[Records contained in a dataset]
· · · · ·
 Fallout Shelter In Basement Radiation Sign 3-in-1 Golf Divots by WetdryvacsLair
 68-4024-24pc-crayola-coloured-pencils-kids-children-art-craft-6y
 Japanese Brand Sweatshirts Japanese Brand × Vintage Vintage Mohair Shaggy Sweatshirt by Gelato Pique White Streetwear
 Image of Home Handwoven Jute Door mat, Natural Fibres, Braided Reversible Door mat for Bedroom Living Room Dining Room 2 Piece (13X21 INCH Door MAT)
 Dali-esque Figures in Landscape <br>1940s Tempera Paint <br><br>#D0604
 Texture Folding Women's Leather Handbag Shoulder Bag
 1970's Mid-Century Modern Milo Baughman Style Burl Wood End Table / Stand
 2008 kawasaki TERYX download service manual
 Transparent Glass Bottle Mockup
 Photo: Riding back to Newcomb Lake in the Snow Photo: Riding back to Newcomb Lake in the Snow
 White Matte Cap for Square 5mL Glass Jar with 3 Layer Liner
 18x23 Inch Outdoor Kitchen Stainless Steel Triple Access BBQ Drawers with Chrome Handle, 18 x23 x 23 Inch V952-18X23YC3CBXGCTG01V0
· · · · ·
WHAT IS BEING ASKED
The answer should be one number, namely how many lines of the entries above include the string "Glass".

RESPONSE FOR THIS EXERCISE
2